§ **TASK STATEMENT**
Which lines in the records below contain the word "White"? Return each of them.

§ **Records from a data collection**

((

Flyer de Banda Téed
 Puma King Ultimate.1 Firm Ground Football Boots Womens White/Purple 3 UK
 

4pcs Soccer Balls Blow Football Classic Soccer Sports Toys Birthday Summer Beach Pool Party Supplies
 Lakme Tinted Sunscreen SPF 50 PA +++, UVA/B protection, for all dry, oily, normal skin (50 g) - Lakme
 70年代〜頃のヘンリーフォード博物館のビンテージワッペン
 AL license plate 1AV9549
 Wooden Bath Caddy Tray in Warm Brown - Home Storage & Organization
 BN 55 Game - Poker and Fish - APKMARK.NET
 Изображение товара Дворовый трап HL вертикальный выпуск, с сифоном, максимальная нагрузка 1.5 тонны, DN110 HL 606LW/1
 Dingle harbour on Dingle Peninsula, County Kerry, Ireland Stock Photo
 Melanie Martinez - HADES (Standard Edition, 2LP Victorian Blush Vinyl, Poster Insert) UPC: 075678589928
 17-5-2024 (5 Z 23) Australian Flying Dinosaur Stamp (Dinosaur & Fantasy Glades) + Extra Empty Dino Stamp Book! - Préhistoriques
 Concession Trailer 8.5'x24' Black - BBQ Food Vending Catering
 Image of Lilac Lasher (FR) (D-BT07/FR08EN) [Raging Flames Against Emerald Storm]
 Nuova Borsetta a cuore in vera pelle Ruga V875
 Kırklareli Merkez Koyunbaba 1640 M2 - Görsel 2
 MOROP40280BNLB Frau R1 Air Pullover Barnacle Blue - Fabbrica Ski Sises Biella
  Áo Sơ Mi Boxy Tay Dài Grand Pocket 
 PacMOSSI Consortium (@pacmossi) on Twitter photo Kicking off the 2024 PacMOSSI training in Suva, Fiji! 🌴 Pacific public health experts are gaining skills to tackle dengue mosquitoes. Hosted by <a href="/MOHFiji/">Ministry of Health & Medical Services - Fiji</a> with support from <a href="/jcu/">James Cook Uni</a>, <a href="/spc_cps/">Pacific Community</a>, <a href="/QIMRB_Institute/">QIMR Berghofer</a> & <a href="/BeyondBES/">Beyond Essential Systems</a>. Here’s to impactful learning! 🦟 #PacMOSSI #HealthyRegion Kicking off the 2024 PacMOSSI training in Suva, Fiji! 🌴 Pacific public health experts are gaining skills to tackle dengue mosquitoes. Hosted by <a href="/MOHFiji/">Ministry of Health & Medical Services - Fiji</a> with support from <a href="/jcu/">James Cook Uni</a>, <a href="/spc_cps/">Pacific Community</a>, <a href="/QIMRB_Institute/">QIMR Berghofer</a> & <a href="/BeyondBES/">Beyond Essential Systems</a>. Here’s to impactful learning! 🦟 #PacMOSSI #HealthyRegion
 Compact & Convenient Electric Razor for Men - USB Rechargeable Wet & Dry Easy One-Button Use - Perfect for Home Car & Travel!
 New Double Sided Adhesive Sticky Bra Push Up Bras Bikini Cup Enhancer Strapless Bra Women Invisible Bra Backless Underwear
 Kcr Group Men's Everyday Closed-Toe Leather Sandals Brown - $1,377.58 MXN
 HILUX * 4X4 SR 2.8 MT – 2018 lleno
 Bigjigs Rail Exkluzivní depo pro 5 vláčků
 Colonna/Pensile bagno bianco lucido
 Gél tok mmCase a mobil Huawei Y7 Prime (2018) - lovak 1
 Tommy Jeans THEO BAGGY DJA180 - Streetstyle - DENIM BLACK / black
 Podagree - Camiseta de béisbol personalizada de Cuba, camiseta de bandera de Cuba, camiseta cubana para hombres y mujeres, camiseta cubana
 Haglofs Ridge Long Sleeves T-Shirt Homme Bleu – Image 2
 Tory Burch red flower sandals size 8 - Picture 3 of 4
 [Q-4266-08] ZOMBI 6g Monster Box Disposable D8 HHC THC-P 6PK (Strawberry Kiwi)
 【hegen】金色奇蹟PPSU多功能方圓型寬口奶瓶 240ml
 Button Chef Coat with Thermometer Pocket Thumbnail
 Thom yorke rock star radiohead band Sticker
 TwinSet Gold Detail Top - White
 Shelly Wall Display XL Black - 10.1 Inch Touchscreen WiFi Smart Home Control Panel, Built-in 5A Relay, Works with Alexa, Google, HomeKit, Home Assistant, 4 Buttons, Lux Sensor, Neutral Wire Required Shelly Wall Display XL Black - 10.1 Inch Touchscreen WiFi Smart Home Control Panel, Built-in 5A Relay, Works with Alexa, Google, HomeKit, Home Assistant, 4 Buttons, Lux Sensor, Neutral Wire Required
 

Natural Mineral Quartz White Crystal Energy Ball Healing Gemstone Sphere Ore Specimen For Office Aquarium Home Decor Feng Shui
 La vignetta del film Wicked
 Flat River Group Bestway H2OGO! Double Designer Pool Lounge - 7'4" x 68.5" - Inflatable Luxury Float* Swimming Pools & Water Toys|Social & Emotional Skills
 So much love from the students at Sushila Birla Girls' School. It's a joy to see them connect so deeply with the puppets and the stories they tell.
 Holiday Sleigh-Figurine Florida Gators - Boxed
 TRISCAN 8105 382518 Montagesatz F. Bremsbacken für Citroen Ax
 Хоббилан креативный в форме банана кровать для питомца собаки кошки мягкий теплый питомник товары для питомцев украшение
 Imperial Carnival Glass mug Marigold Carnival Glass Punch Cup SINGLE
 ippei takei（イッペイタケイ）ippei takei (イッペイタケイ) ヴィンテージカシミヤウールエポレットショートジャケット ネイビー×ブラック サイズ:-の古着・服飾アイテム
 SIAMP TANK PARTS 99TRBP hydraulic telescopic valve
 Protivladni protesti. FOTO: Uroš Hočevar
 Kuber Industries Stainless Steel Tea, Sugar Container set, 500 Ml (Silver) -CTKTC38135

))

§ **ANSWER BOX**
 Puma King Ultimate.1 Firm Ground Football Boots Womens White/Purple 3 UK
 TwinSet Gold Detail Top - White
Natural Mineral Quartz White Crystal Energy Ball Healing Gemstone Sphere Ore Specimen For Office Aquarium Home Decor Feng Shui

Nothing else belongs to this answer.